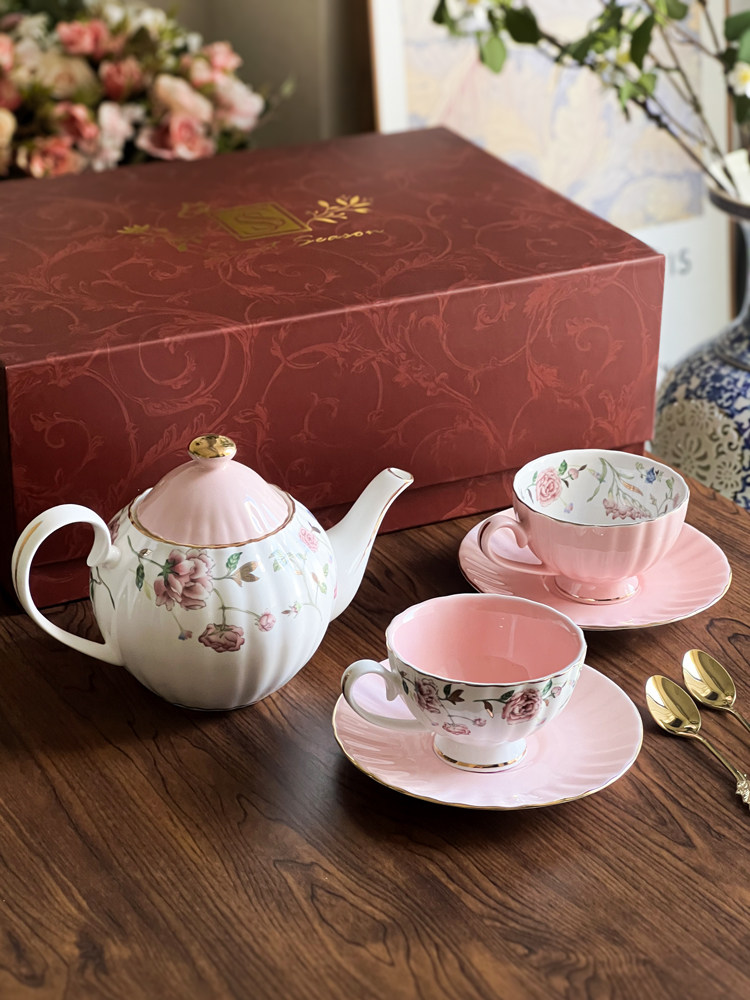 コーヒーカップセット シンプルなヨーロピアンスタイル アフタ - Coffee Tea Gift Set のレビューと価格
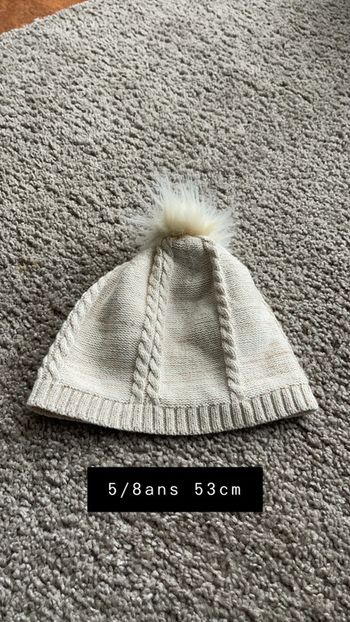 Bonnet hiver fille 5/8ans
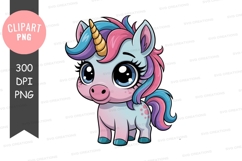 Cute unicorn clipart png Product Image 1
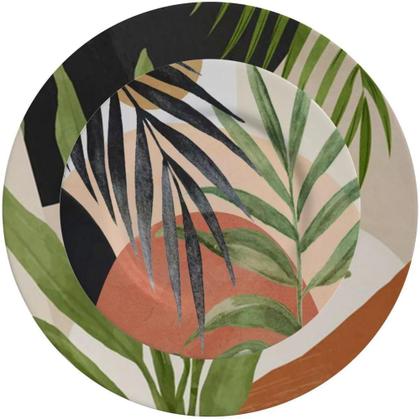 Imagem de Jogo 6 prato raso 6 de sobremesa atlantica cerâmica alleanza - Aparelho de jantar Alleanza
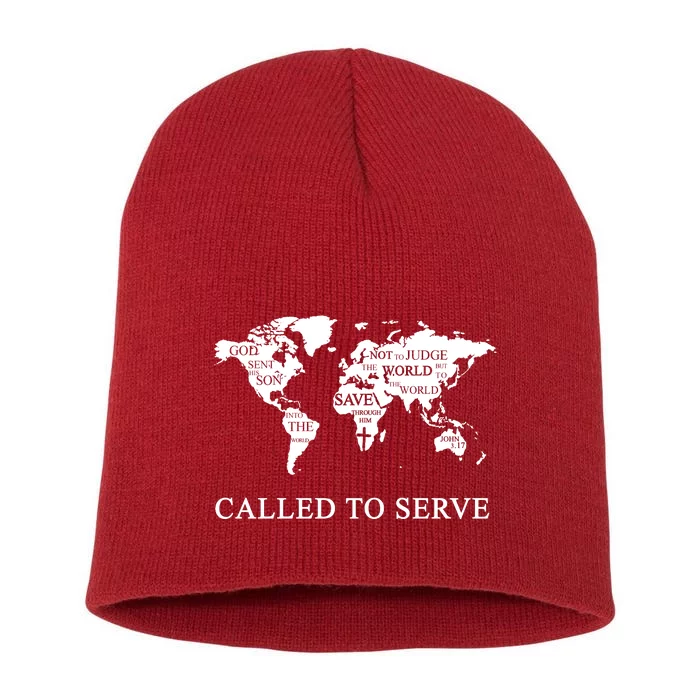 Christian Missionary Called To Serve Short Acrylic Beanie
++++++
▸ Directions for this task
Your job is to transcribe the records exactly and in full. Pictures are not part of the copy.

▸ Solution for this problem
 コーヒーカップセット シンプルなヨーロピアンスタイル アフタ - Coffee Tea Gift Set のレビューと価格
 Bonnet hiver fille 5/8ans
 Cute unicorn clipart png Product Image 1
 Imagem de Jogo 6 prato raso 6 de sobremesa atlantica cerâmica alleanza - Aparelho de jantar Alleanza
 Christian Missionary Called To Serve Short Acrylic Beanie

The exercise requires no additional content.